- Born: Paul David Lukather August 24, 1926 New York City, U.S.
- Died: October 9, 2014 (aged 88) California, U.S.
- Occupation: Actor
- Years active: 1954–2008
- Spouse: Elizabeth Burt (1957–2006)
- Children: 1
- Family: Steve Lukather (nephew)

= Paul Lukather =

American actor

Paul David Lukather (August 24, 1926 – October 9, 2014) was an American actor known for his work on stage, television, film, and video games. He was Steve Lukather's uncle.

==Career==
Lukather graduated from Drake University and Yale University. He won the Barter Award and acted in productions at the Barter Theatre.

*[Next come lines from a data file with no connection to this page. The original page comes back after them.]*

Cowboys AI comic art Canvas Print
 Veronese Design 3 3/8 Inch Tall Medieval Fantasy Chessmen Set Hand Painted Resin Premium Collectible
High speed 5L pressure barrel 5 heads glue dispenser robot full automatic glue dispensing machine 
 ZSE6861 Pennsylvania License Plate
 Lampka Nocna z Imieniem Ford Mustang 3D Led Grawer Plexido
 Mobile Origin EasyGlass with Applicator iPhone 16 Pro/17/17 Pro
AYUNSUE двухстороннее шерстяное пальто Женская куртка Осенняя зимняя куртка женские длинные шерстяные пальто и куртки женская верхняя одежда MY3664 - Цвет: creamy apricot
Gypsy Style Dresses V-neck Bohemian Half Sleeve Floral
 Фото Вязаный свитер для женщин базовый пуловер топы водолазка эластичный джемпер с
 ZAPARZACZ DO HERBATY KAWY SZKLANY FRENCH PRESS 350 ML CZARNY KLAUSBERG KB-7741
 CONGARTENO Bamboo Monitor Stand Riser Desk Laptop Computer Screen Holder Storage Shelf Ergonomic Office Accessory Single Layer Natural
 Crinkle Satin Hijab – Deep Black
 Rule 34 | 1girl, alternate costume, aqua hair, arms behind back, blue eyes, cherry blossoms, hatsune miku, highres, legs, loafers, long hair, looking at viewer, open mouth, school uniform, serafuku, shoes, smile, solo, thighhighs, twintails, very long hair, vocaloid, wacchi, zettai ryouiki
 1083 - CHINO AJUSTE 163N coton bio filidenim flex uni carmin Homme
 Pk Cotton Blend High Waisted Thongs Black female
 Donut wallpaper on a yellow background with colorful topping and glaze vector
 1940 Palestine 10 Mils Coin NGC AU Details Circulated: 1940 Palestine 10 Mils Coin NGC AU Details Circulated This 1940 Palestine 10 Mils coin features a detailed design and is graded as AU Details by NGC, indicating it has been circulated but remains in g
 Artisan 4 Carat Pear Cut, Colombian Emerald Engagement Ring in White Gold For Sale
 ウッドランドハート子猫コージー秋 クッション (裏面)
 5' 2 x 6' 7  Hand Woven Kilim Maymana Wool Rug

Lukather's television appearances included Perry Mason, The Fugitive, The F.B.I., Mission: Impossible, and Cannon. Along with his work in television and film, he also worked as a voice-over artist for video games, including the Legacy of Kain series, in which he voiced the character Vorador. He also voiced the character President James Johnson for Metal Gear Solid 2: Sons of Liberty.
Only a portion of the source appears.